McDonald's fired its president and CEO, Steve Easterbrook. CEOs come and go, but this one is leaving for consensual sex with an employee.

Please note, no one is claiming sexual harassment or coercion. They are reporting a consensual affair, so why the termination?

Because, as Easterbrook said in an email to employees, "This was a mistake. Given the values of the company, I agree with the board that it is time for me to move on."

I agree. Here's why.

Power exists, even if everyone consents

As CEO, Easterbrook was the most influential person at McDonald's. No one was his equal. No peers. No matter how loving and wonderful the relationship was, he still held an excessive amount of power over this unnamed person.

You cannot separate out the power from the outside relationship, no matter how much you try. This is why companies have policies against managers dating their direct reports. This is why your HR manager shouldn't be too buddy-buddy with the senior leadership team. Work relationships need to be professional, and when you introduce sex, it's difficult (if not impossible) to retain that professional relationship.

But my grandmother was my grandfather's secretary and they've been happily married for 57 years!

This is often an argument, fueled by old movies, undoubtedly. It's not that you can't find true love at the office. It's that when you're the boss, your obligation is to the company, not to your own love life. If your direct report is the true love of your life, find another job, quit, and then ask this person out on a date. Best of luck to you!

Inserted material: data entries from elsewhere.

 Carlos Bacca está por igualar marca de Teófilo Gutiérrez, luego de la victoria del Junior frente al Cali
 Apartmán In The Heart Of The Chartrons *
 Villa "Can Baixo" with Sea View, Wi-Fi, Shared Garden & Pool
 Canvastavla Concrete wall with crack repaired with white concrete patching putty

But, if you do that in the wrong order and it turns out that the person who you thought was your soul mate doesn't want to date you, work is now awkward. (Asking someone out on one date does not generally constitute sexual harassment, but just asking can make everyone uncomfortable.) And if the person says yes? Great! But, what if it's only because you have hire/fire power? What if this person feels pressure? It's not the way to build a relationship or keep a business running.

It damages morale

If the boss is romantically involved (or even just close friends) with one employee, the other employees feel slighted. Coworkers will question any perks the romantic partner receives, as no one can ever be sure whether they were earned or bestowed because of love. It doesn't matter if the actual promotion, perks, or projects were earned; there's always a layer of doubt.

What happened to the romantic partner?

McDonald's didn't identify the person, and I hope they don't. Easterbrook was single, and she wasn't the CEO. Is it a good idea to become romantically involved with your boss? No. Should you be fired for a consensual relationship with your boss? Well, that's a bit tougher.

Again, the problem stems from the word consensual. With the imbalance of power, you can't ever say. Certainly, if only one person is terminated, it should be the boss. You don't want to punish someone who was, in fact, a victim. (Please note, I am speaking in generalities. I have zero information that would indicate the relationship between Easterbrook and his employee was anything but consensual.) 

That said, if your boss asks you out or makes romantic overtures, you can say no. If you suffer any adverse consequences due to your refusal, that is sexual harassment, and you should notify HR immediately--even if that boss is the CEO.

McDonald's did the right thing here. They acknowledged that even though Easterbrook was a successful CEO, this is bad judgment. Your company should acknowledge the same.

This is a great example

All managers at McDonald's can be sure that romantic relationships with their employees are 100 percent off limits. If a high performing CEO can lose his job, you can bet that the accounting supervisor will lose his for the same behavior. The Board demonstrated great leadership in following their policies and not making an exception for a star performer.